Ana Carolina, da SBEM-RJ, explica que um dos motivos para isso acontecer é porque o cortisol, um dos chamados “hormônios do estresse”, além de aumentar os riscos cardiovasculares, tem um efeito imunossupressor no organismo, reduzindo as barreiras de defesa.

"Ele funciona mediando uma série de funções no corpo, e aumentado no corpo promove alterações nos sistemas imunológicos, diminuição das defesas e sintomas relacionados a essa queda, como cansaço e fadiga", afirma a endocrinologista.

Impactos na saúde

 Há ainda as consequências mais conhecidas, porém não menores, das dificuldades financeiras: os impactos para a saúde mental. E esses quadros acentuados de ansiedade e depressão tornam mais difícil sair de uma situação de endividamento, constatou um estudo publicado na revista científica International Journal of Social Psychiatry.

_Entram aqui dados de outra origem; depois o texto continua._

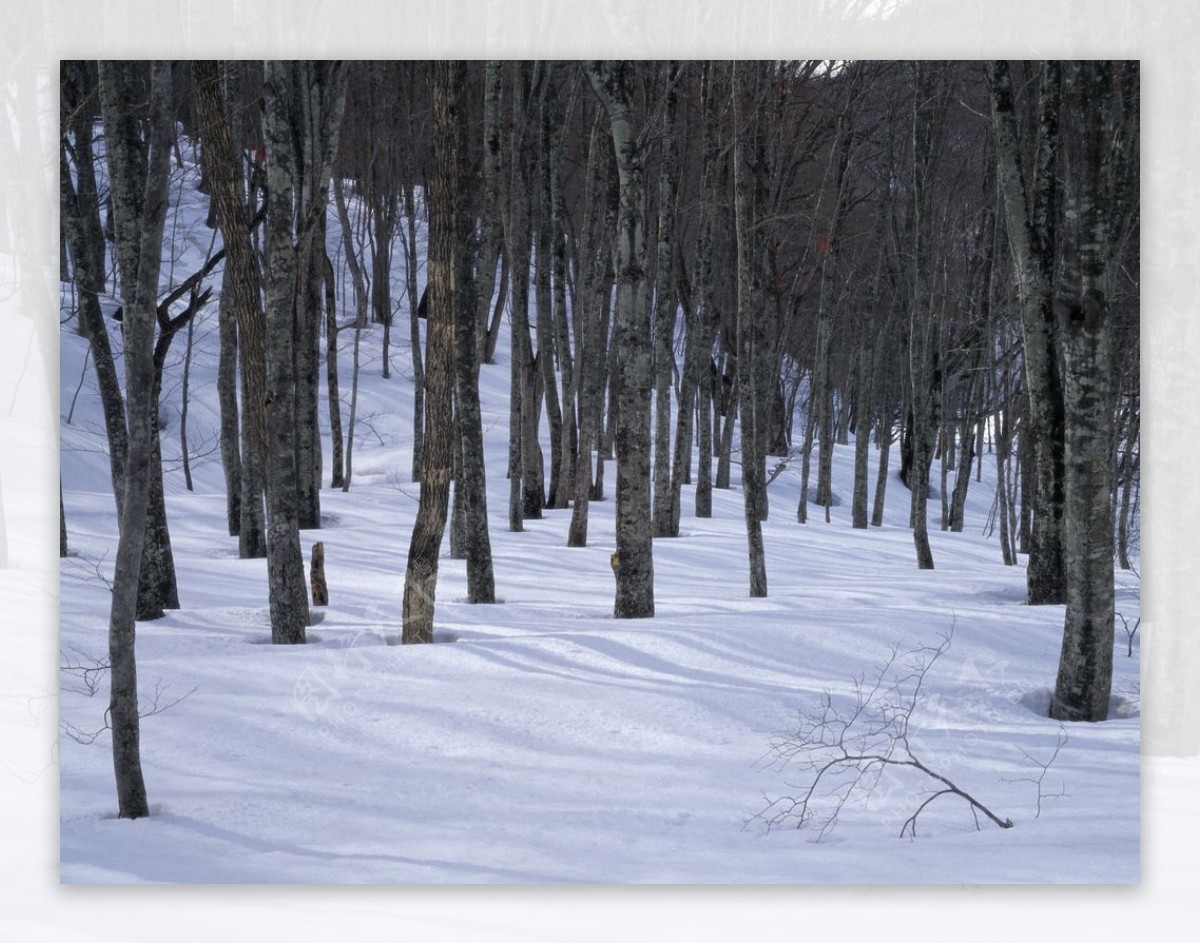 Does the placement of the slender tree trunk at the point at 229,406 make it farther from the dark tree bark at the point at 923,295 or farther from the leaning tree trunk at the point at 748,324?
the dark tree bark at the point at 923,295

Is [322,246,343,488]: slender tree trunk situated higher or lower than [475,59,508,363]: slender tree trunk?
lower

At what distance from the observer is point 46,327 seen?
4496 mm

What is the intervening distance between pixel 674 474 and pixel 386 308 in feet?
21.3

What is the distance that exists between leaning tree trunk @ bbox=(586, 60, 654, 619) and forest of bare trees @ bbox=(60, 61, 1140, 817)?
2cm

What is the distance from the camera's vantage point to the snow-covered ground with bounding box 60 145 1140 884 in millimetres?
3408

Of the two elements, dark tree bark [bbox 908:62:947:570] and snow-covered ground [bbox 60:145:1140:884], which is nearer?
snow-covered ground [bbox 60:145:1140:884]

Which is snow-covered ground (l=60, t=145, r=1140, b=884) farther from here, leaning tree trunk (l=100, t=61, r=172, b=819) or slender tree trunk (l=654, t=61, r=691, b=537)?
slender tree trunk (l=654, t=61, r=691, b=537)

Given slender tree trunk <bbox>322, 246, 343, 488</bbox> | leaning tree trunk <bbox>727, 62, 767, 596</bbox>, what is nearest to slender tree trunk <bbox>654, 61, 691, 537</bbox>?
leaning tree trunk <bbox>727, 62, 767, 596</bbox>

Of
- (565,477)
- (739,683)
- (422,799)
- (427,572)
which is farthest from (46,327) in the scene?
(565,477)

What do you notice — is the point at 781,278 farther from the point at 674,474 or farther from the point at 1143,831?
the point at 1143,831

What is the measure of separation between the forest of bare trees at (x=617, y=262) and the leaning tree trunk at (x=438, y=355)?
2 centimetres

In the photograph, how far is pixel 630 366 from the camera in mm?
5996

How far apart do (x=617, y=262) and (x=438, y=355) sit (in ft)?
3.65

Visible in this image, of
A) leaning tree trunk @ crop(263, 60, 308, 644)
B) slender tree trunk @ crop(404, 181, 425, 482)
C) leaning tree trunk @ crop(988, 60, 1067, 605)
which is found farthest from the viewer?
slender tree trunk @ crop(404, 181, 425, 482)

"Torna-se um ciclo vicioso, porque os impactos do estresse financeiro na saúde mental deixam a pessoa cada vez mais debilitada para lidar com a sua situação econômica. Quando a equação saúde física e financeira é positiva, isso estimula a pessoa a planejar e organizar a sua vida. O que não acontece quando ela é negativa", explica a doutora em psicologia clínica, Ana Maria Rossi, presidente da ISMA - BR e diretora da clínica de Stress e Biofeedback.

Além disso, ela destaca que, em casos mais graves, esses quadros de saúde mental fragilizada pela situação financeira podem levar a cenários de abusos de substâncias, como álcool e remédios. Isso porque algumas pessoas acabam buscando uma forma de se “anestesiar” para lidar com a situação, explica a diretora da ISMA-BR.

 Para amenizar esses impactos do estresse crônico no corpo e na mente, as especialistas destacam que é preciso atuar em duas frentes: maneiras de organizar as finanças e formas de melhorar a saúde do corpo.

"Parte importante é o diálogo com a família, porque envolve gestão do orçamento e, em muitos casos, contenção de gastos. Pode ser necessária também uma orientação especializada, nesse caso iniciativas voluntárias são melhores para não gerar um novo gasto", diz Ana Maria.

Para ter condições de pensar sobre o problema de forma prática e racional, a psicóloga reforça que é importante priorizar um sono reparador, sem que os problemas sejam levados para a cama. Isso porque noites mal dormidas também agravam os riscos de doenças cardiovasculares, aumentam a gordura abdominal e visceral e levam a uma rotina de fadiga que dificulta a realização de atividades como trabalho e gestão das finanças durante o dia.

"Como medidas preventivas para os desfechos cardiovasculares temos que pensar em dietas saudáveis, pobres em gordura e em sal e ricas em frutas e verduras, além de atividade física regular, com pelo menos 150 minutos de atividade aeróbica por semana", orienta a cardiologista Salete Nacif.

Para aqueles que podem ter dificuldades de encaixar o exercício físico na rotina, Ana Maria Rossi sugere que uma boa saída é aproveitar os momentos do dia em que é possível utilizar escadas no lugar de elevadores ou descer alguns pontos antes do ônibus para fazer uma caminhada. Embora não seja muito, o exercício já promove uma ajuda significativa, diz a diretora da clínica de Stress e Biofeedback.

No entanto, os especialistas lembram que em casos mais acentuados de problemas de saúde mental e de efeitos na circulação, como dores no peito, taquicardia constante e pensamentos autodepreciativos, é indispensável a busca por uma ajuda médica especializada.